[Data excerpts]
-- -- --

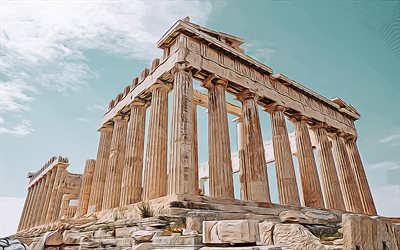 parthenon, 4k, abstrakt stadsbilder, vektorgrafik, grekiska landm&#228;rken, kreativa, grekiska turistattraktioner, parthenon ritning, akropolis, grekland, europa, aten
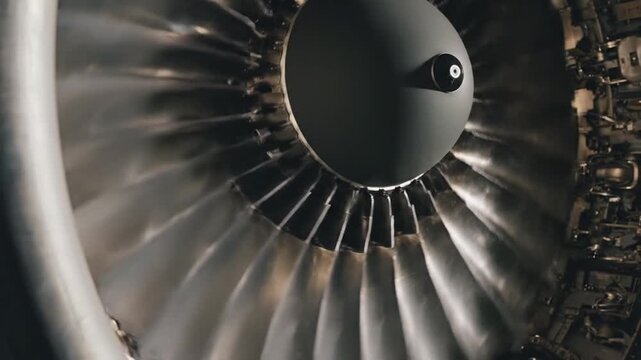 Ultra realistic industrial aviation footage showing jet engine turbine blades rotating at high speed metallic surfaces reflective highlights strong shadow contrast subtle heat shimmer cinematic lighti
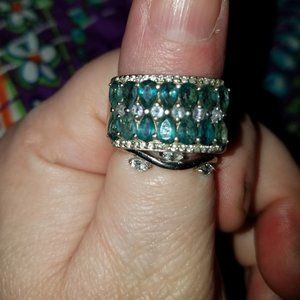 Wide, double row pear London blue topaz sterling ring.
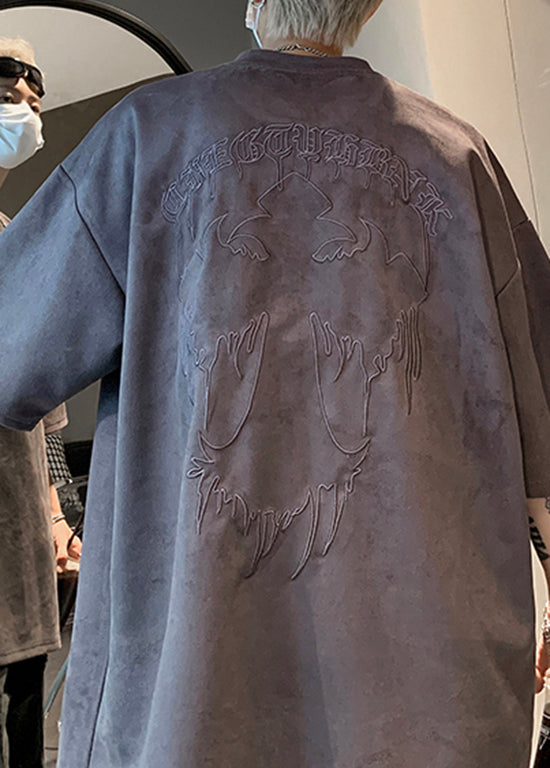 Apparel Shirts Men Apricot Faux T Embroideried Size Plus Suede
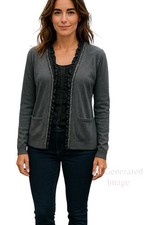Loft Womens Black Heather Open Front Lace Trim Lightweight Cardigan Sweater Sz S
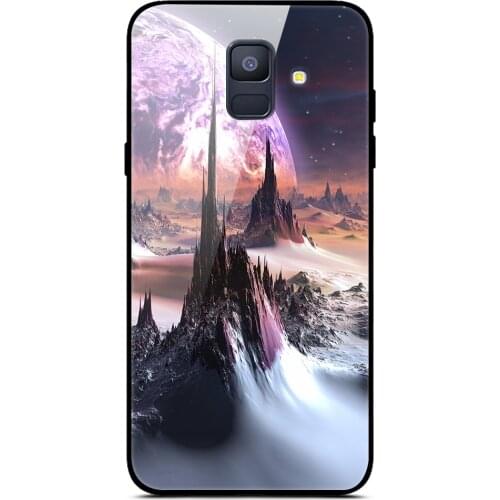 For Samsung Galaxy A8 Phone Case Tempered Glass Case Back Cover Star Sky Pattern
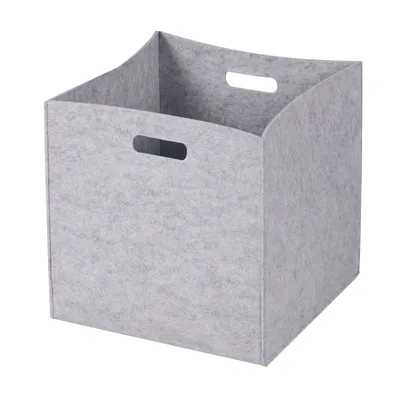 Produktbild von Faltbox FELT grau 32x32cm - Aufbewahrungsbox im 2er Set, Regalkorb, Stoffbox aus Filz, praktische Ordnungsbox
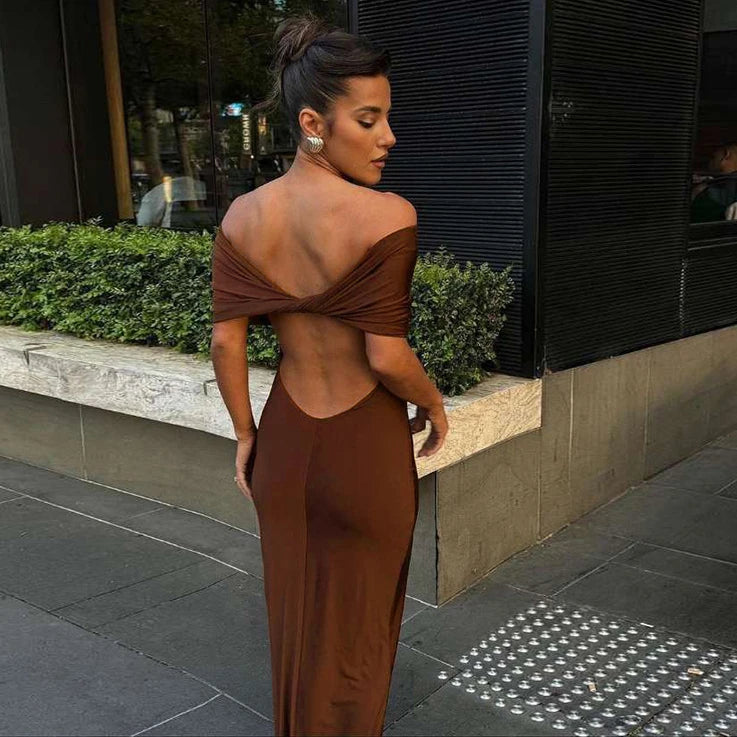 2025 Summer Elegant Solid Bodycon Dress for Women Slash Neck Skinny Stretch Birthday Party Streetwear Breathable Vestidos Maxi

-- -- --

Work instructions:
What's needed is an exact copy of the records above from the line containing "Ultra realistic industrial" down to the line containing "Wide, double row", both included, without any pictures.

Result below:
 Ultra realistic industrial aviation footage showing jet engine turbine blades rotating at high speed metallic surfaces reflective highlights strong shadow contrast subtle heat shimmer cinematic lighti
 Wide, double row pear London blue topaz sterling ring.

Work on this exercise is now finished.